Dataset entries
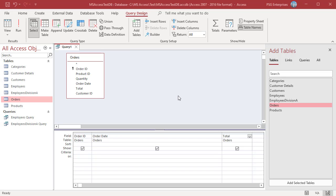You can define different criteria for date fields. The examples are for the order date field in the orders table. Enter the criteria in the criteria row of the field in the query design grid.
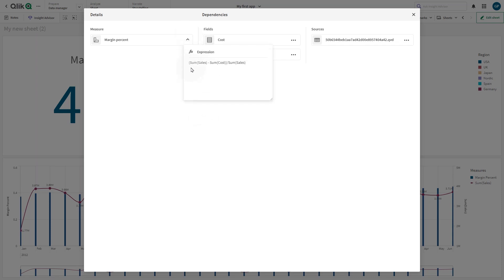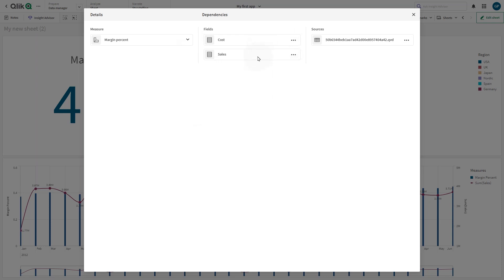Since we enabled the Show Expressions option for this visualization, users can also see how the expression is built. In this example, the measure is built using the fields Cost and Sales, with those fields being shown in the Fields column.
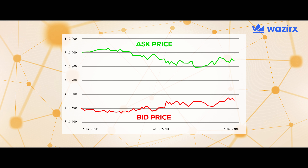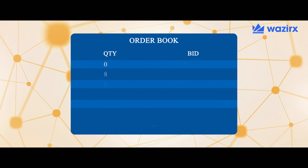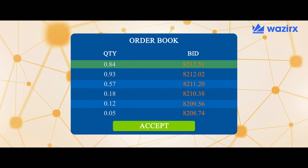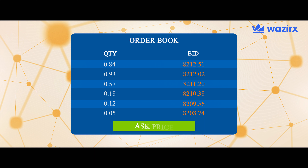Hi guys, this is Sushmita and I'm your crypto guide. Today I'll be talking about bid price. The bid price is the highest price that a particular buyer is willing to pay for a specific product like a cryptocurrency. A trading order book consists of multiple bid prices from buyers and asking prices from sellers.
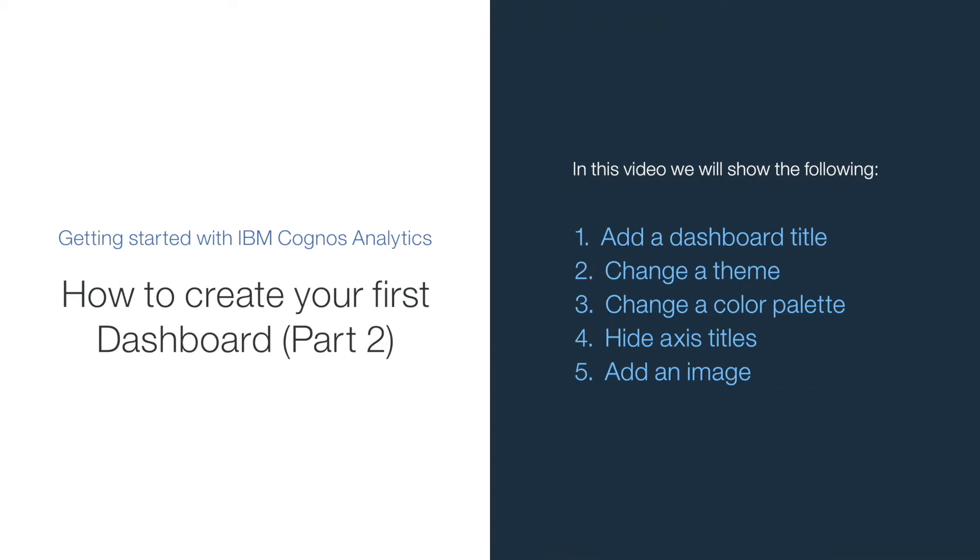Welcome to part 2 of our video on how to create your first dashboard, where you will learn how to add a dashboard title, specify a theme, change a color palette, hide axis labels, and add an image.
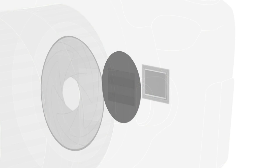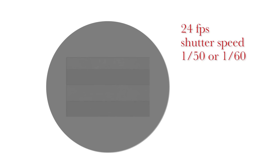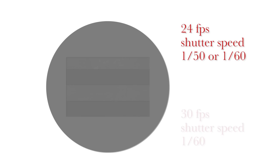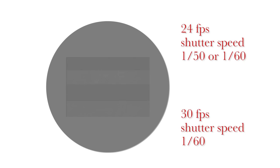Typically, your shutter speed should be double your frame rate. So if you're shooting at 24 frames per second, you want your shutter speed to be 1/50th or 1/60th of a second. If you're shooting at 30 frames per second, set your shutter speed to 1/60th of a second.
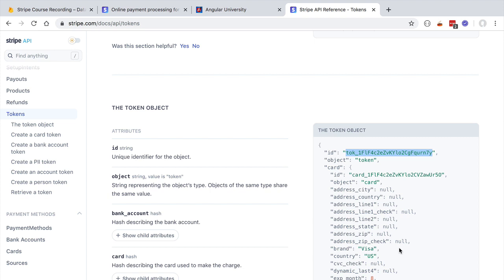In the end, Stripe is an intermediary between our website and a credit card company, making it very easy to perform online payments in a secure way. Our website never needs to store the end user credit card details, which is exactly the type of information we don't want to store in our database.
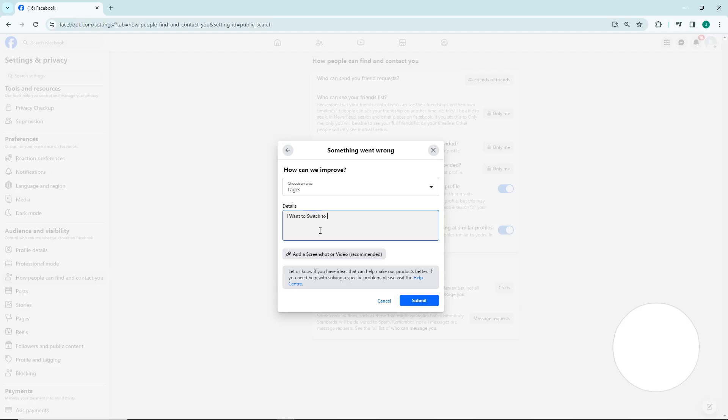...to classic mode on my page and account on my profile, or under file, on my account.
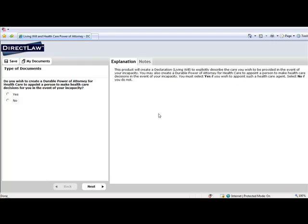The Explanations section on the right-hand side of the Rapid Docs screen provides useful information for the client.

Instructions to follow – The lines above from the line with "Welcome to part" through the line with "on my account." are to be given again word for word, with no pictures among them.

Result of the task –
Welcome to part 2 of our video on how to create your first dashboard, where you will learn how to add a dashboard title, specify a theme, change a color palette, hide axis labels, and add an image.
Typically, your shutter speed should be double your frame rate. So if you're shooting at 24 frames per second, you want your shutter speed to be 1/50th or 1/60th of a second. If you're shooting at 30 frames per second, set your shutter speed to 1/60th of a second.
In the end, Stripe is an intermediary between our website and a credit card company, making it very easy to perform online payments in a secure way. Our website never needs to store the end user credit card details, which is exactly the type of information we don't want to store in our database.
...to classic mode on my page and account on my profile, or under file, on my account.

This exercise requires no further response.